Listed records:
'''

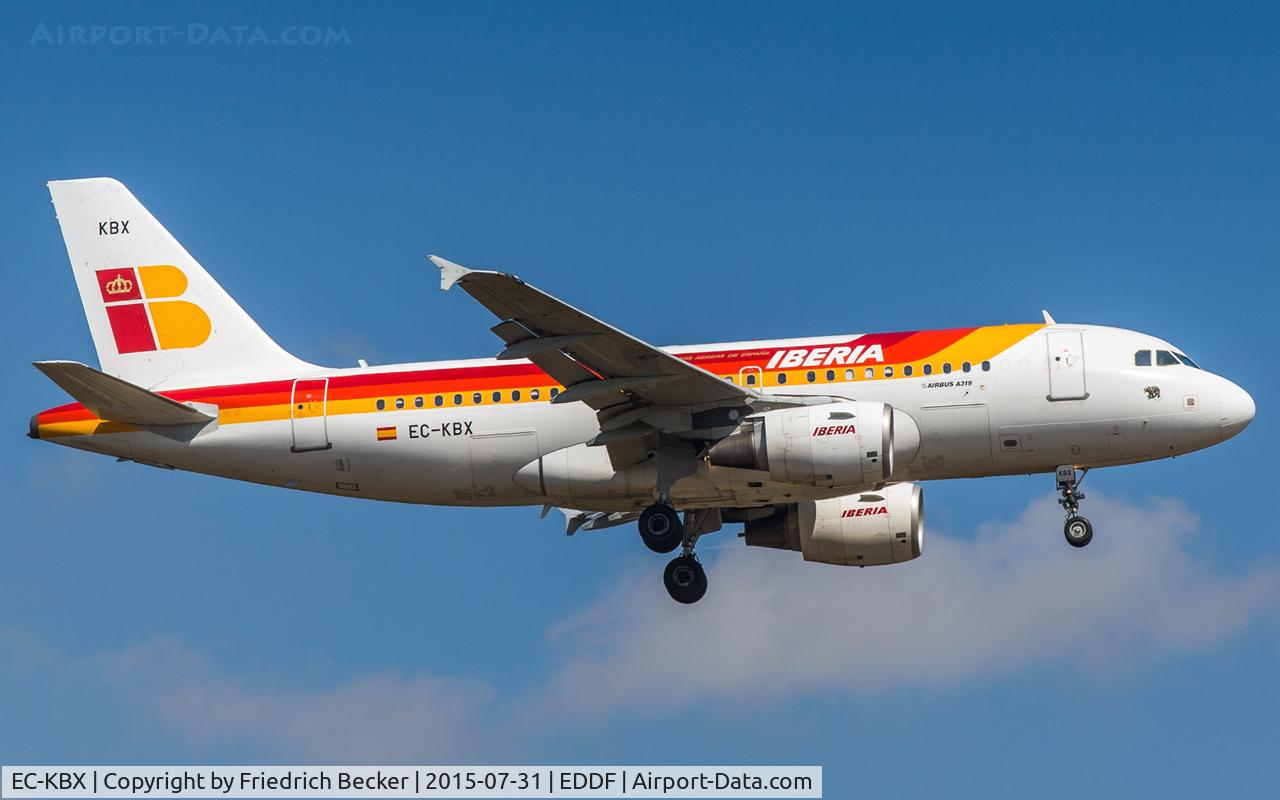EC-KBX, 2007 Airbus A319-111 C/N 3078, on final RW07R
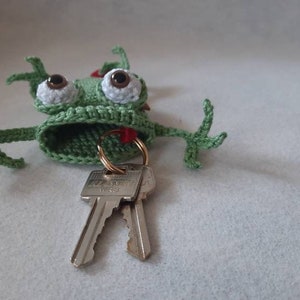 Crochet key cover, frog key cover, funny keychain , protège clés animal keychain, key organizer, housse a clé rigolo, Étuis à clé grenouille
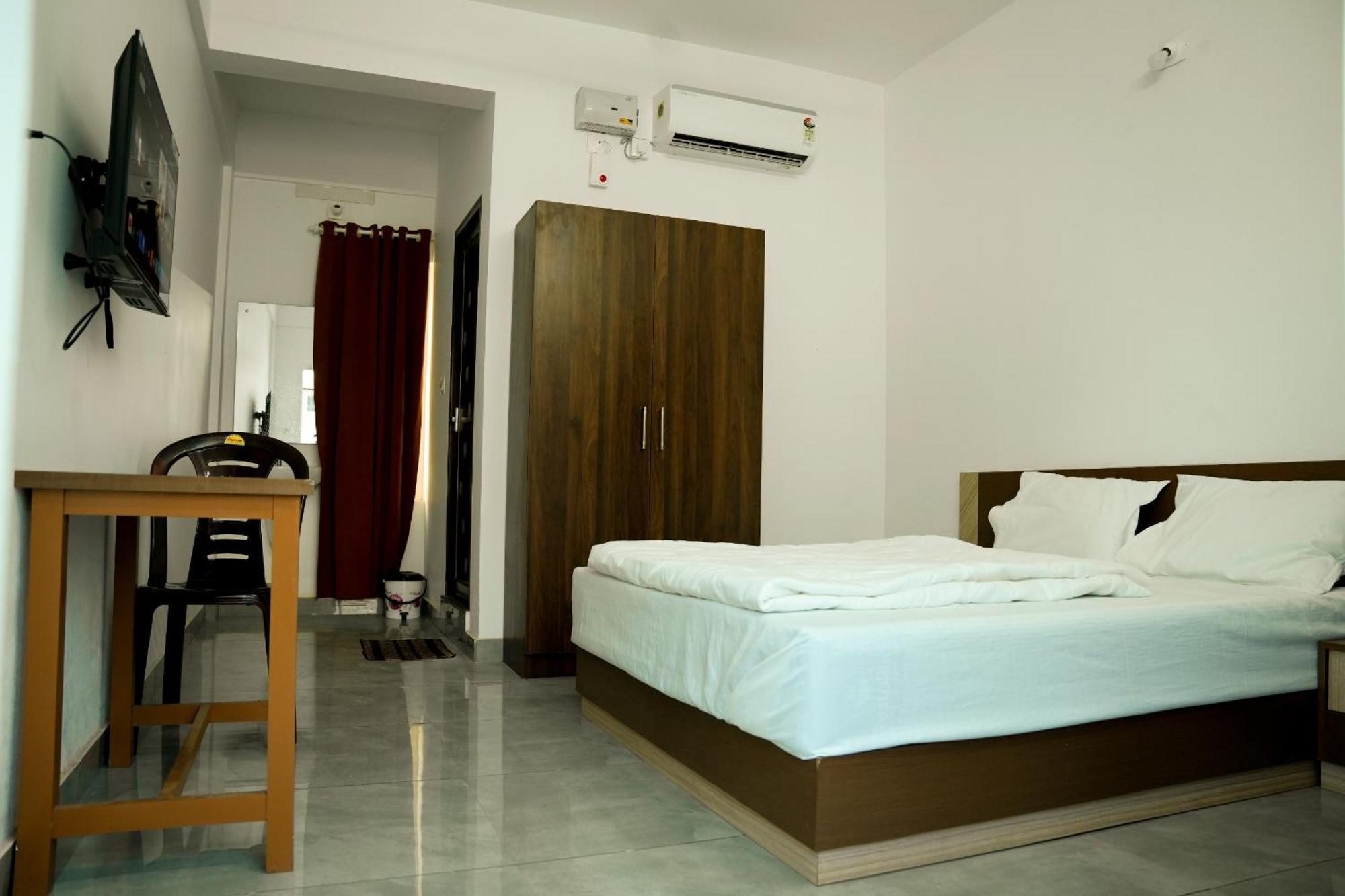 Jayalakshmi Residency Otel Vaduvanchal Dış mekan fotoğraf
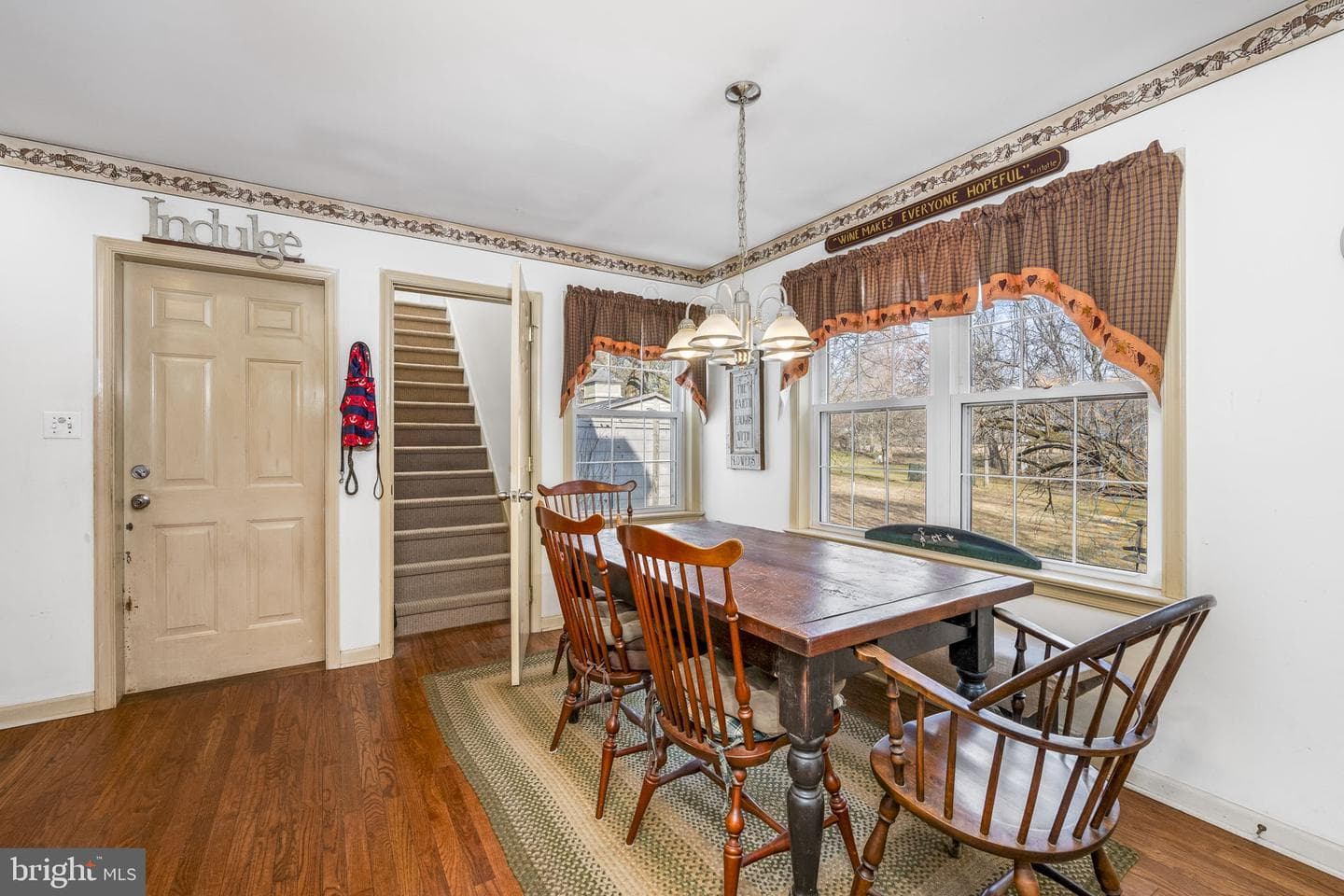 701 Great Oak Lane photo 9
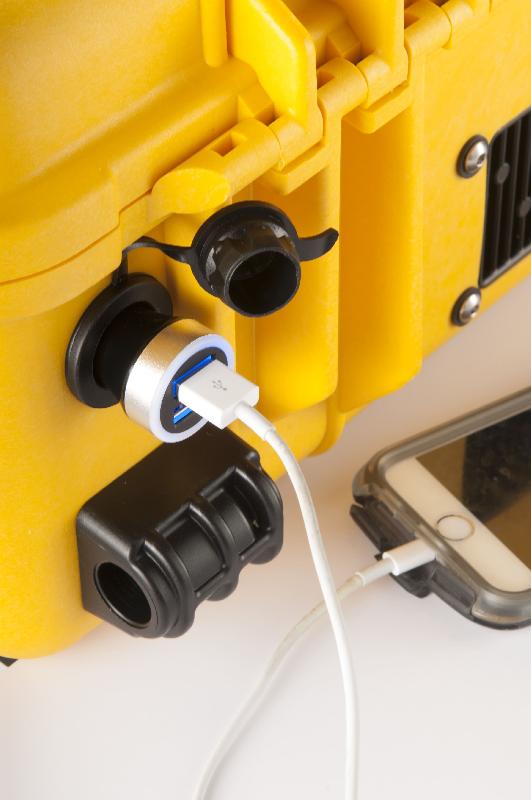 Éclairage de Zone Portable 9460 - Peli - 12 000 lumens, Bluetooth et Mâts Télescopiques_1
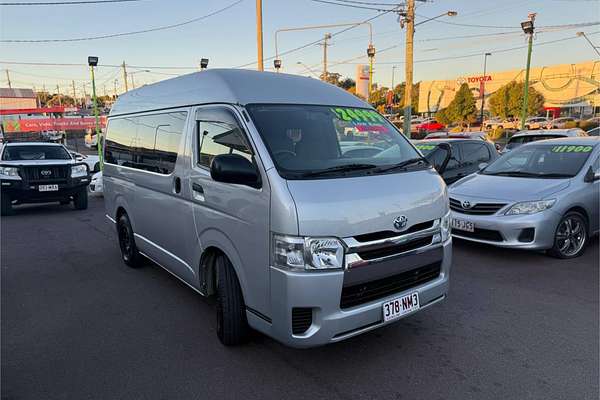 2016 Toyota HIACE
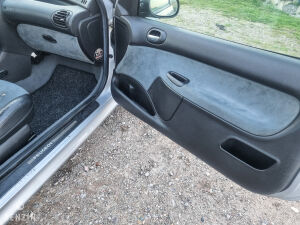 Peugeot 206 GT n°2951 - 1999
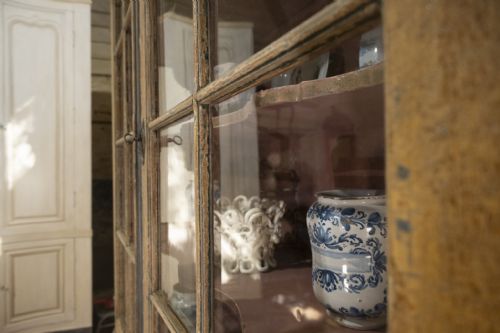 18TH CENTURY DUTCH DRY SCRAPED GLAZED VITRINE CABINET - ADDITIONAL PHOTO 8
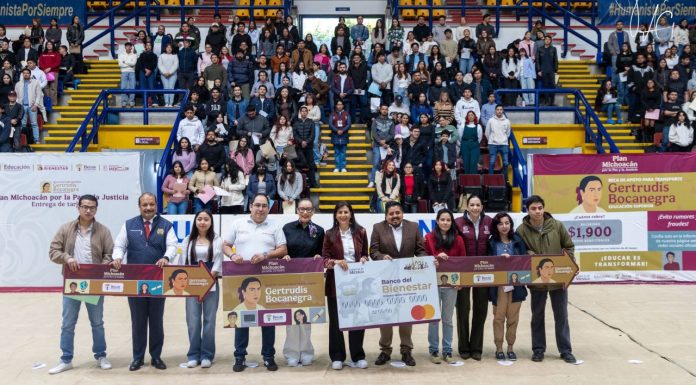 Beca Gertrudis Bocanegra llega primero a estudiantes de la UMSNH La UMSNH recibió la primera entrega nacional de las becas Gertrudis Bocanegra, un programa del Plan Michoacán por la Paz y la Justicia que busca reducir la deserción escolar en la educación superior.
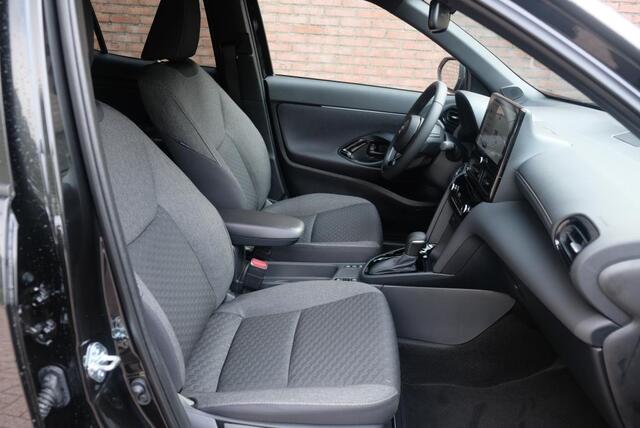 Toyota YARIS Cross 1.5 Hybrid 130pk CVT Teamplayer | App Connect | Climate | Adaptive Cruise | Full LED | Camera | Keyless | Blind Spot | Stoelverwarming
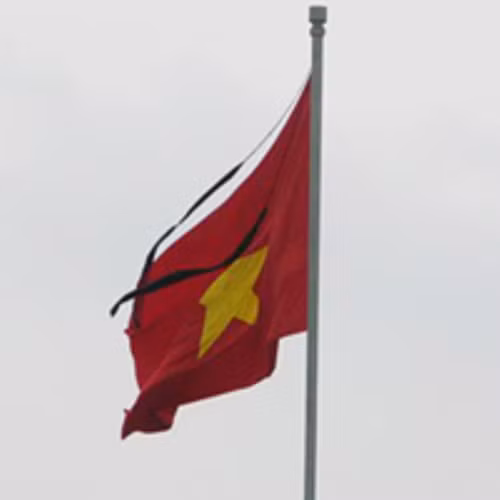 UBTVQH cho ý kiến về việc ban hành Nghị định quy định tổ chức Quốc tang trong trường hợp thiên tai, thảm họa đặc biệt nghiêm trọng, gây thiệt hại lớn tính mạng của nhân dân. Tại tờ trình Chính phủ, Bộ trưởng VHTT&DL Hoàng Tuấn Anh cho biết, tổ chức Lễ quốc tang trong trường hợp thiên tai, thảm họa đặc biệt nghiêm trọng, gây thiệt hại lớn tính mạng của nhân dân nhằm thể hiện sự quan tâm của Đảng, Nhà nước và nhân dân trước tổn thất lớn, đặc biệt nghiêm trọng về tính mạng của nhân dân. Theo đó, “Lễ Quốc tang trong trường hợp thiên tai, thảm họa đặc biệt nghiêm trọng, gây thiệt hại lớn đến tính mạng của nhân dân nên tổ chức dưới hình thức lễ tưởng niệm, đảm bảo tính trang trọng, mang ý nghĩa nhân văn sâu sắc, phân biệt với hình thức tổ chức quốc tang đối với cá nhân là lãnh đạo Đảng, Nhà nước. Cách thức tổ chức lễ tưởng niệm nên đơn giản, phù hợp với chủ trương đảm bảo an toàn, trang trọng, tiết kiệm, hiệu quả, tránh phô trương lãng phí” - Chủ nhiệm Ủy ban VH,GD,TN,TN&NĐ, ông Đào Trọng Thi nêu quan điểm của Thường trực ủy ban.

'''

What you will do:
Only one stretch of the listing above is to be duplicated: the lines from the one containing "Éclairage de Zone" through the one containing "18TH CENTURY DUTCH", both included. Copy them exactly, minus the pictures.

Your response:
 Éclairage de Zone Portable 9460 - Peli - 12 000 lumens, Bluetooth et Mâts Télescopiques_1
 2016 Toyota HIACE
 Peugeot 206 GT n°2951 - 1999
 18TH CENTURY DUTCH DRY SCRAPED GLAZED VITRINE CABINET - ADDITIONAL PHOTO 8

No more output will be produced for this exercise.